After feedback and a group debate we were tasked with creating a sentence, it needed to be simple and accurate enough to describe what design for print is to a random person with no design knowledge;
"In order to design for print a designer must take the appropriate audience, context, process and materials into consideration to produce a physical outcome."
After creating our sentences we discussed as a class if it is possible to actually define what 'design for print' is. Unfortunately, it is a very vague term leaving it open to multiple interpretations. However, despite these difficulties we can define the term to a certain extent.
Design for print can be categorized into six groups;
At the end of the session we were asked to complete a task in relation to the above print categories;
'For each of the print categories find two examples of work that would belong to that specific group.'
FORMAT - Referrers to the size, scale or form that an outcome takes.
Poster - Illustrated by Aaron Horkey
Publication - No. Zine
COLOUR - Referrers to the colour choices used on a design, this can effect the process and production.
Multi-coloured print - Dan Blackman
Black and White Photocopied Zine
PRODUCTION - Referrers to the physical making of the product.
Hand binding books
Trimming the bleed from a design.
PROCESS - Referrers to the methods used when creating the product.
FINISHING - Referrers to the variety of finishing processes applied to the design at the latter stages of the project.

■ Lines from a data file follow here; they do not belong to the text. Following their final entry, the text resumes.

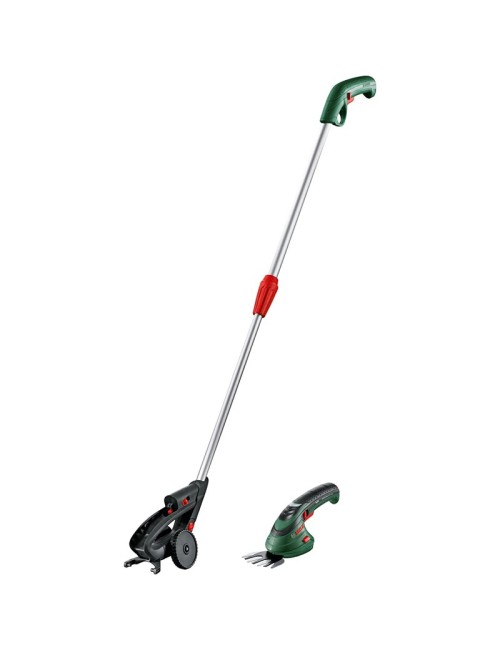 TIJERAS BATERIA ISIO 3 + BASTON BOSCH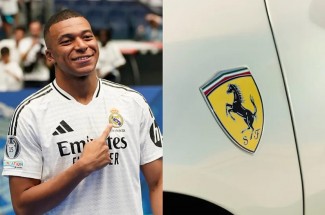 Kylian Mbappe, Koleksi Mobil Mewahnya di Garasi Penuh, Sayang Gak Bisa Nyetir Sendiri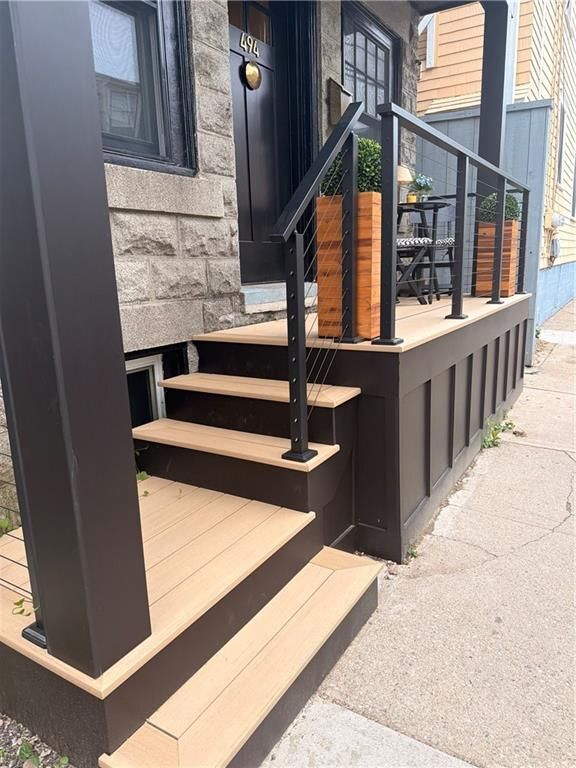 Foto del edificio - 494 Thames St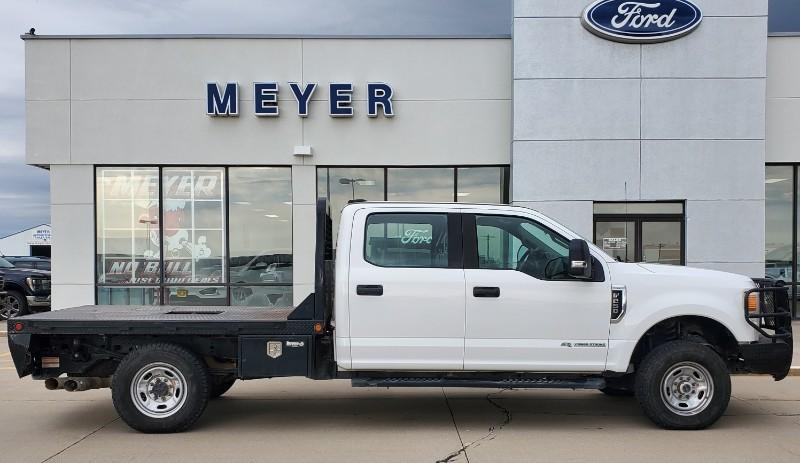 used 2022 Ford F-250 car, priced at $39,995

Spot Varnish - The Kitchen
Letterpress - Two Arms Inc.
STOCK - Referrers to the materials used.
Newsprint - Cairo Divided
Matte Paper - Huck Magazine
After discussing the first question each group was asked to identify as many different processes of design for print, such as 'Foiling'. Our group responses are listed below;
- Spot Varnish
- Edge printing
- Lazer etching
- Mono printing
- Digital print
- Lino printing
- Lithograph printing
- 3D printing
- Wood block print
- Letter press
- Collegraph printing
- Risograph printing
Upon finishing our discussions about the different print processes we were presented with another task;
'Define three print processes that you want to learn and/or improve this year.'
Last year acted as a good introduction to the screen print process, I was able to lean the complete process and apply the technique in some of my projects. This year I want to build on this foundation of knowledge and experiment further with multi-layered prints.
Edge printing is something that I first came across at the Leeds College of Art end of year show, in the graphic design section of the exhibition there were various students who utilized edge printing on their business cards. The results were really effective, the subtle application of colour on the edge of the card made it eye catching and memorable. Therefore, edge printing is a technique that I want to experiment with this year.

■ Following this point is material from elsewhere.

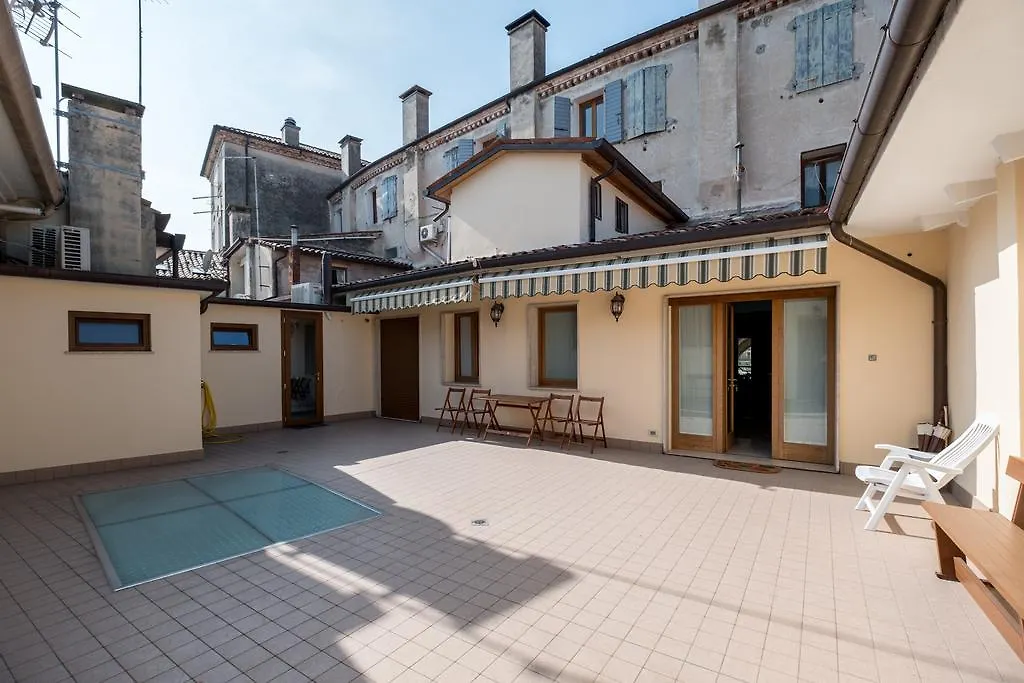 Apartment Casa Camilla Contarini Hotel Piazzola sul Brenta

While collecting research for my summer brief I came across various designers who successfully utilized the laser cutter in their work. The technique can create some amazing results and so it is something I would like to learn and apply to my design practice.
EMBOSSING & DEBOSSING
Embossing and debossing is the process of applying either a raised or recessed relief image on paper or another similar material. The technique is often used on buisness cards and on book covers.